(RECORDS FOR THE TASK)
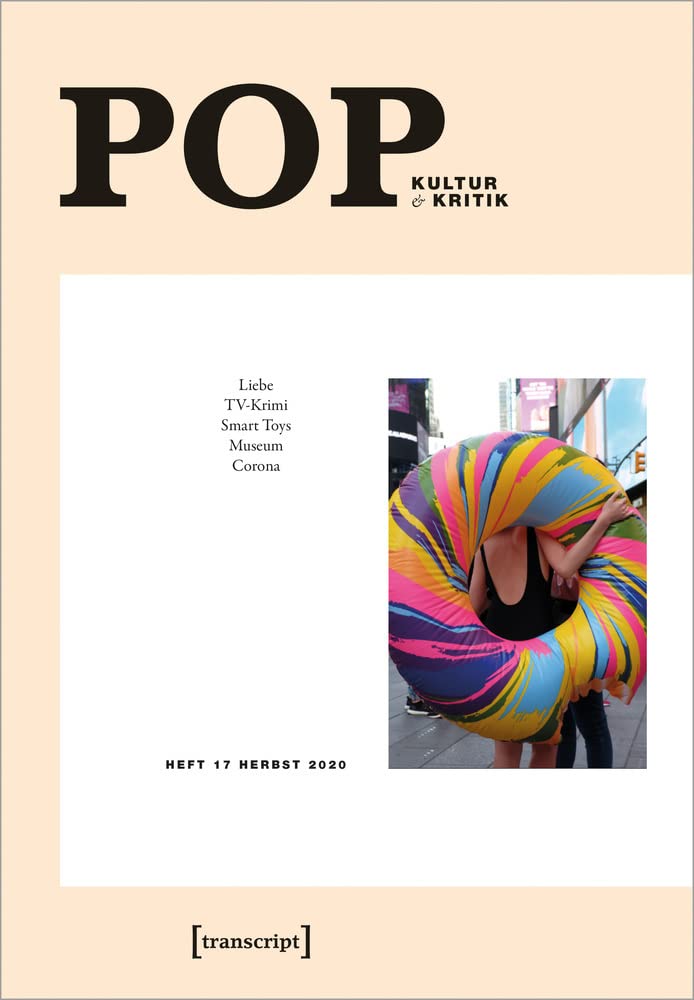 POP: Kultur & Kritik (Jg. 9, 2/2020) (POP. Kultur und Kritik, Bd. 17) Media & Communication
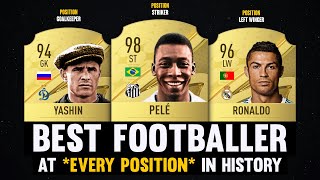 BEST FOOTBALLER AT EVERY POSITION IN FOOTBALL HISTORY! 😱🔥 | FT. Pelé, Ronaldo, Yashin...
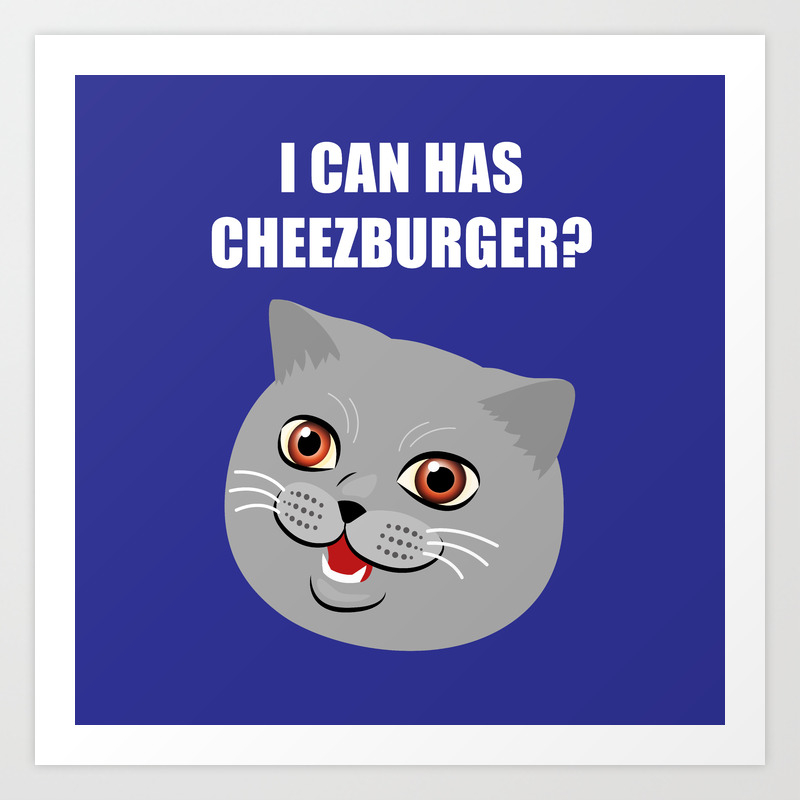 Funny Cat Meme I Can Has Cheezburger? Art Print by Alice Wieckowska |  Society6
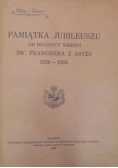 Pamiątka Jubileuszu 700 rocznicy śmierci Św Franciszka z Asyżu 1928 r.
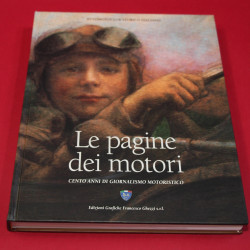 Le Pagine dei motori 1898-1998 Cento Anni Di Giornalismo Motoristico 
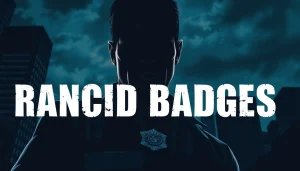 Read Rancid Badges featuring a tense undercover police officer in a dramatic urban setting.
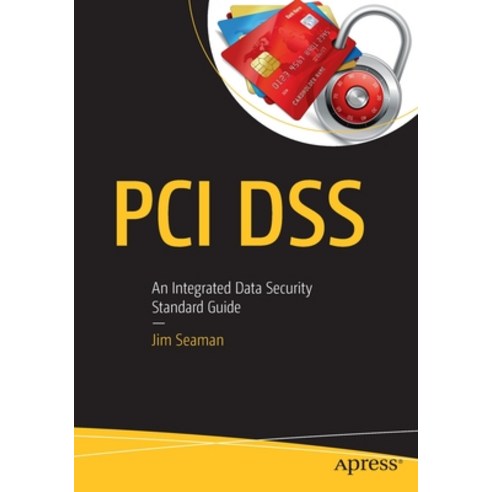 PCI Dss: An Integrated Data Security Standard Guide Paperback, Apress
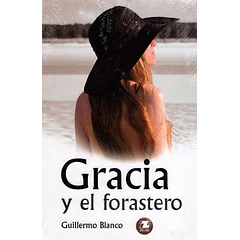 GRACIA Y EL FORASTERO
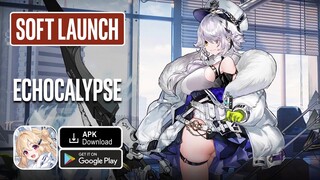 ECHOCALYPSE Gameplay Android - Soft Launch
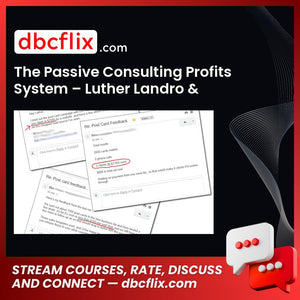 The Passive Consulting Profits System – Luther Landro & Jessica free downoad, dbcflix, dbcflix.com, storedbc.com, downloadbusinesscourse, mega, google drive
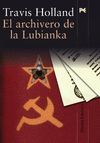 EL ARCHIVERO DE LA LUBIANKA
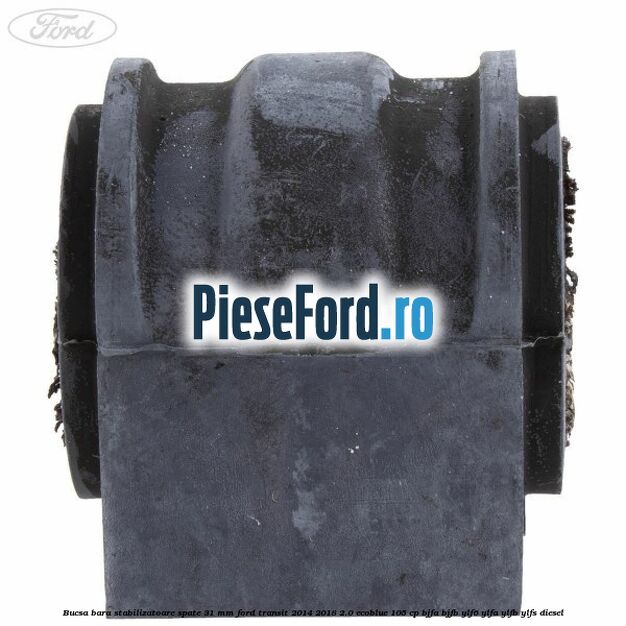 Bucsa bara stabilizatoare spate 31 mm Ford Transit 2014-2018 2.0 EcoBlue 105 cp BJFA, BJFB, YLF6, YLFA, YLFB, YLFS diesel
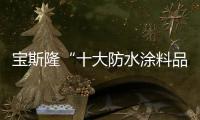 宝斯隆“十大防水涂料品牌”成长之路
(End RECORDS FOR THE TASK)
All entries must come back exactly as written, though without their pictures.

 POP: Kultur & Kritik (Jg. 9, 2/2020) (POP. Kultur und Kritik, Bd. 17) Media & Communication
 BEST FOOTBALLER AT EVERY POSITION IN FOOTBALL HISTORY! 😱🔥 | FT. Pelé, Ronaldo, Yashin...
 Funny Cat Meme I Can Has Cheezburger? Art Print by Alice Wieckowska |  Society6
 Pamiątka Jubileuszu 700 rocznicy śmierci Św Franciszka z Asyżu 1928 r.
 Le Pagine dei motori 1898-1998 Cento Anni Di Giornalismo Motoristico 
 Read Rancid Badges featuring a tense undercover police officer in a dramatic urban setting.
 PCI Dss: An Integrated Data Security Standard Guide Paperback, Apress
 GRACIA Y EL FORASTERO
 ECHOCALYPSE Gameplay Android - Soft Launch
 The Passive Consulting Profits System – Luther Landro & Jessica free downoad, dbcflix, dbcflix.com, storedbc.com, downloadbusinesscourse, mega, google drive
 EL ARCHIVERO DE LA LUBIANKA
 Bucsa bara stabilizatoare spate 31 mm Ford Transit 2014-2018 2.0 EcoBlue 105 cp BJFA, BJFB, YLF6, YLFA, YLFB, YLFS diesel
 宝斯隆“十大防水涂料品牌”成长之路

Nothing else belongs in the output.